La fritada la tenían en un huacal grande de aluminio; la señora que atendía revolvía el producto con una cuchara enorme de madera, y les daba vueltas a pedazos de cachetes, patas, vísceras que no reconocía y otros pedazos de carne. Todo esto en trocitos, que se miraban atractivos, a lo que les añadían chiles verdes, rojos, cebolla y otros ingredientes. A mi abuelita le gustaba mucho la fritada; en esos días a mí, también. Siempre llevaba aunque sea una bolsita para las dos. El puesto estaba en la parte de afuera del mercado de Santa Tecla. Todo el lugar lo cubría un techo con un intervalo amplio para caminar entre los puestos de ventas. Yo sólo observaba. Era raro que interfiriera entre ella y sus conversaciones con la gente adulta. Hacía preguntas al finalizar la conversación, o hacía una señal de hablarle al oído o cuando se despedía de la gente. Y claro en más de alguna ocasión le salía con alguna ocurrencia graciosa.

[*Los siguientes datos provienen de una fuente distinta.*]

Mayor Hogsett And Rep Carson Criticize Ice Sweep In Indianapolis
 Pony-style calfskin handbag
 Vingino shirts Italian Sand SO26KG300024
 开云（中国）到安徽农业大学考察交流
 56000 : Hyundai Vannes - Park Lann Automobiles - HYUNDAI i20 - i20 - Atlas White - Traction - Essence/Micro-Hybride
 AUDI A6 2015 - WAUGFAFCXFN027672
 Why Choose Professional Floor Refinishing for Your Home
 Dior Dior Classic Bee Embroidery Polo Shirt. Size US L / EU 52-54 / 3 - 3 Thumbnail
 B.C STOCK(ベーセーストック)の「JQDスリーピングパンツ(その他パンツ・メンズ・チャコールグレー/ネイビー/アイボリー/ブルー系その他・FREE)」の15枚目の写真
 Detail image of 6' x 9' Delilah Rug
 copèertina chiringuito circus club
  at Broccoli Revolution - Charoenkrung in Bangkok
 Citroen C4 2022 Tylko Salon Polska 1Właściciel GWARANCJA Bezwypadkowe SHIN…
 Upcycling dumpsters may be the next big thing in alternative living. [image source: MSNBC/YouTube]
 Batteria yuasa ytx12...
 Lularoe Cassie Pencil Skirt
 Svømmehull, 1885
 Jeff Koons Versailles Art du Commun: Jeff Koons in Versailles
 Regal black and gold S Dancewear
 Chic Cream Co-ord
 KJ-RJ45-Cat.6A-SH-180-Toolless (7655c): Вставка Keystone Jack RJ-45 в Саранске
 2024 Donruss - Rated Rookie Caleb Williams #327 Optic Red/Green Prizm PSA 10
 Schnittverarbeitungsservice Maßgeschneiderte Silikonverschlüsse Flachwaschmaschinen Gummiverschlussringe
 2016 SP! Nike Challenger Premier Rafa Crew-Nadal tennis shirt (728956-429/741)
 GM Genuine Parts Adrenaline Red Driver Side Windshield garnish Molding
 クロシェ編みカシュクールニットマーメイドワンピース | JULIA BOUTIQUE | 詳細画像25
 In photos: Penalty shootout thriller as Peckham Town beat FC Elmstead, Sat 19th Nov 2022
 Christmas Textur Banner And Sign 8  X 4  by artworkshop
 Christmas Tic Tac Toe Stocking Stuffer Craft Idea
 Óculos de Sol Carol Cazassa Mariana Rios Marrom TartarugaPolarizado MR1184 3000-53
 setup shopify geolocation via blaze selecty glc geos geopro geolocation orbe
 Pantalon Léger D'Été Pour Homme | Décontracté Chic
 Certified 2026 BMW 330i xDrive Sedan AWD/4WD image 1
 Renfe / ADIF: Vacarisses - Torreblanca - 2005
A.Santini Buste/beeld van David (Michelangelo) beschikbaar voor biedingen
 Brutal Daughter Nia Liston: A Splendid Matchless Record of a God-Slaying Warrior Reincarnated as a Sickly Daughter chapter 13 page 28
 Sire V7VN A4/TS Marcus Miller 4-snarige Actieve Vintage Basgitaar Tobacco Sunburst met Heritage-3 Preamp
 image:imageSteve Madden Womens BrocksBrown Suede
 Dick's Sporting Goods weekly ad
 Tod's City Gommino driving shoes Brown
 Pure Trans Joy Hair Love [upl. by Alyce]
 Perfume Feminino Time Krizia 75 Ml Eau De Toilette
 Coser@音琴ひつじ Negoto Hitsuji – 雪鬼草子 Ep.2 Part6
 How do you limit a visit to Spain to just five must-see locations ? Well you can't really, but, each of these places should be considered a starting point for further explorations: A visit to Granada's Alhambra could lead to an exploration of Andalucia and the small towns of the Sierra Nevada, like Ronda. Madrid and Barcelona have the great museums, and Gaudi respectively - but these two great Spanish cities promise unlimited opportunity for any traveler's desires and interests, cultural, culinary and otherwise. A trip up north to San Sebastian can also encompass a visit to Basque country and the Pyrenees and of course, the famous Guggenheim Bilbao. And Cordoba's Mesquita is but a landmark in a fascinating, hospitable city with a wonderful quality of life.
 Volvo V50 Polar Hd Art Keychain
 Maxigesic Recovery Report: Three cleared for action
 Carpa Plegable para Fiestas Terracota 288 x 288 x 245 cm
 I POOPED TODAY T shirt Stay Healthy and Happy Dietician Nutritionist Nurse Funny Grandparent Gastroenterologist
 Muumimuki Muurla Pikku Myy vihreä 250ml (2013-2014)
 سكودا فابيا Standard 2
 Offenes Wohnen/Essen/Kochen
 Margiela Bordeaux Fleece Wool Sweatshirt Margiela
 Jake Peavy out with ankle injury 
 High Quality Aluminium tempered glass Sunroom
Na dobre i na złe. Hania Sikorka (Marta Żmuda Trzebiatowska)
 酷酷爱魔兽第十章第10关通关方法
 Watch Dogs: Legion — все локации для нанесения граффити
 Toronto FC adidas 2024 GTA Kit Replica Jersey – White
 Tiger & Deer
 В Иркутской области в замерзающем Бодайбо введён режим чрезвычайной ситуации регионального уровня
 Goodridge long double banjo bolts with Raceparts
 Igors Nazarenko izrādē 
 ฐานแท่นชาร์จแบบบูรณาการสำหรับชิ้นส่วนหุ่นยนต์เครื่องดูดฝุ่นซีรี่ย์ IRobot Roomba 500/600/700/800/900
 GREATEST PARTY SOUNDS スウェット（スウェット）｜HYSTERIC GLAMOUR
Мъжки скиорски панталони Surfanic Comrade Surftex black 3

Así sucedió una vez. Al recordarle aquel gesto conmovedor que deletreaba en letanía. “Todas a una”. El estribillo lo comenzó a cantar una noche nublada sin Luna. Un enorme papalote había entrado por la ventana semi-abierta a guarecerse de la lluvia torrencial y de los truenos que nos estremecía a mis dos hermanas y a mí. “Todas a una”, nos incitó a la defensa mientras temblábamos de miedo por la mariposa negra cuyas alas desplegadas vaticinaban mal agüero. Estas supersticiones las aprendíamos en el Kinder como si infundir miedo fuese tarea primordial, antes que la lectura. “Uds. son tres mosqueteras. Mejor, son tres caperucitas aunque no anden de rojo, así que un lobo hecho polilla gigante no puede intimidarlas. Cuídense de los hombres, que son de más mal agüero que esa mariposa negra”. Todas reímos y de un escobazo expulsamos el insecto hacia el corredor, de igual manera que espantábamos a los niños que nos acosaban en el recreo. La casa era pequeña. Tenía tres habitaciones, un solo baño, la cocina, la sala y el comedor. El temblor de nuestros gritos la estremecía tanto como el bamboleo de este microbús en el tráfico sin fin. “Esta es una sola víscera de la memoria, destazaba igual que los animales en el rastro”, me repito a coral de Dixit Dominus, entre la cumbia bullanguera del microbús. “Como la fritanga, de las colinas que rodeaban Santa Tecla sólo me quedan retazos de nostalgia, desperdigados entre el ruido citadino, el cemento y el humo”. Quizás ese mismo tizne salpica siempre mi memoria. Mi memoria circula por una Santa Tecla, ahora sin más cerros tupidos que el pavimento grisáceo. Y el gusto lejano de la fritada disperso en el celaje.